L’omicidio di "Cacciavite" e le bische clandestine Arrestati pisani e livornesi: la verità dopo 19 anni

Operazione "Garuffa" condotta dai carabinieri di Livorno e dalla Guardia di finanza di Pisa: 11 persone finite in manette. Dopo lunghissime indagini è stata sgominata una banda criminale radicata sulla costa dedita all’usura e all’estorsione

di Michela Berti

Era l’alba del 30 giugno 2002 quando la centralissima piazza Mazzini a Livorno fu squarciata da spari di pistola. A pochi passi dall’allora Cantiere navale Fratelli Orlando fu freddato Alfredo Chimenti; livornese di 47 anni, più conosciuto come "Cacciavite". Oggi, dopo quasi vent’anni dall’omicidio, Riccardo Del Vivo, Massimo Antonini e Gionata Lonzi sono stati arrestati per quell’esecuzione. Accurate le indagini dei Carabinieri di Livorno (comandante Massimiliano Sole, tenente colonnello Armando Ago, maggiore Michele Morelli), nell’ambito dell’operazione ’Garuffa’ (circolo al tempo coinvolto nel gioco d’azzardo), condotta con la Guardia di Finanza di Pisa (comandante provinciale colonnello Massimo Benassi), che ha operato attraverso il Nucleo polizia economico-finanziaria guidato dal tenente colonnello Pasquale Sisto, permettendo di sgominare una vera e propria associazione a delinquere per usura e estorsione.

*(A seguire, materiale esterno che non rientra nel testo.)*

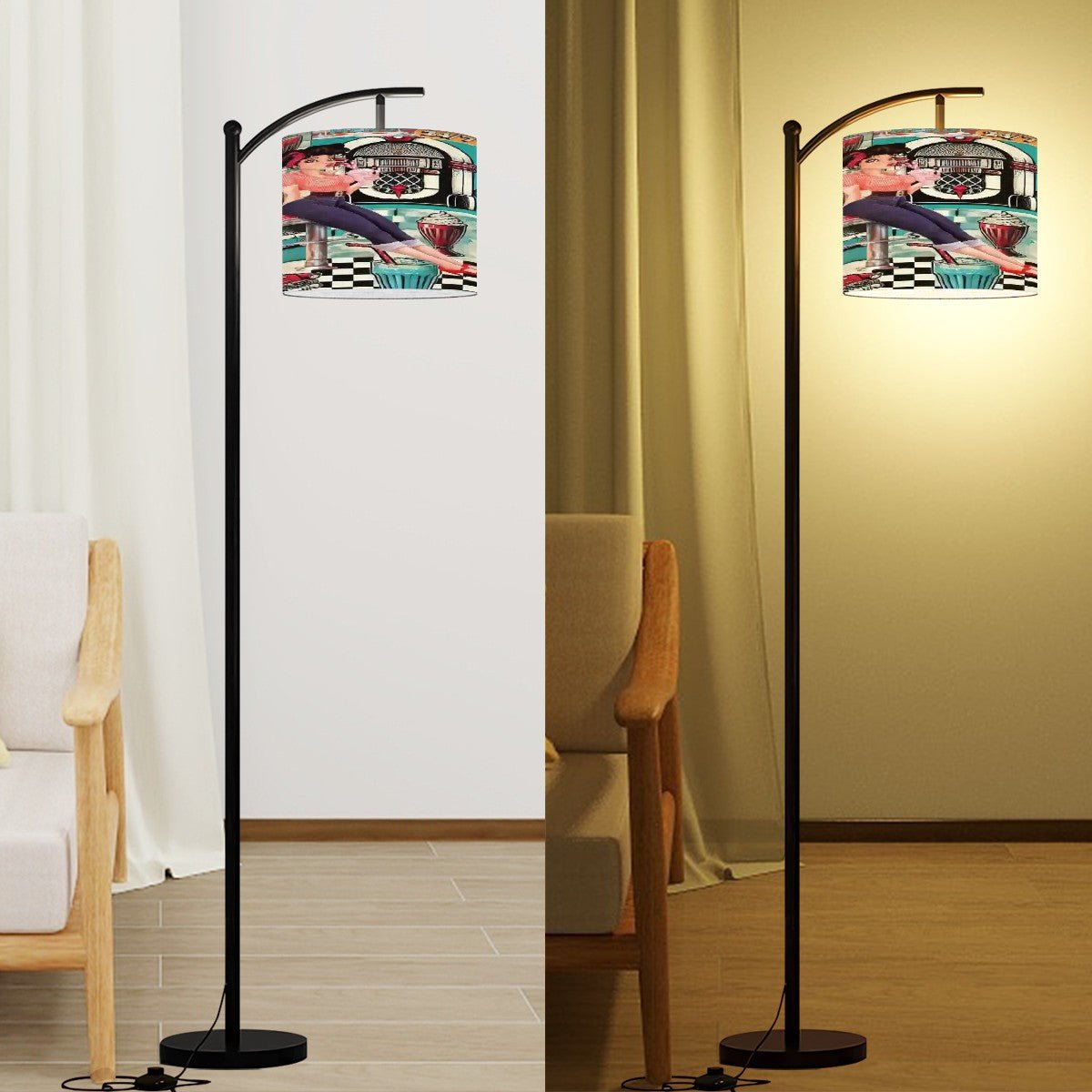 Kate McEnroe New York Rockin’ Retro Diner Arc Floor Lamp, 50s Pin - Up Soda Fountain Light, Mid Century American Jukebox Statement LampFloor Lamps2Wt2wdI2PB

L’omicidio di Cacciavite fece aprire gli occhi su un mondo, quello del gioco d’azzardo, che – dicono gli inquirenti – a Livorno era particolarmente florido. Fu proprio Del Vivo a premere il grilletto della Revolver calibro 38, che gli era stata procurata da Lonzi, e fuggire poi in sella allo scooter guidato da Antonini. Una resa dei conti tra gruppi che gestivano le bische clandestine e Chimenti, che aveva un glorioso passato da calciatore, era diventato un elemento centrale e pericoloso di questa rete malavitosa.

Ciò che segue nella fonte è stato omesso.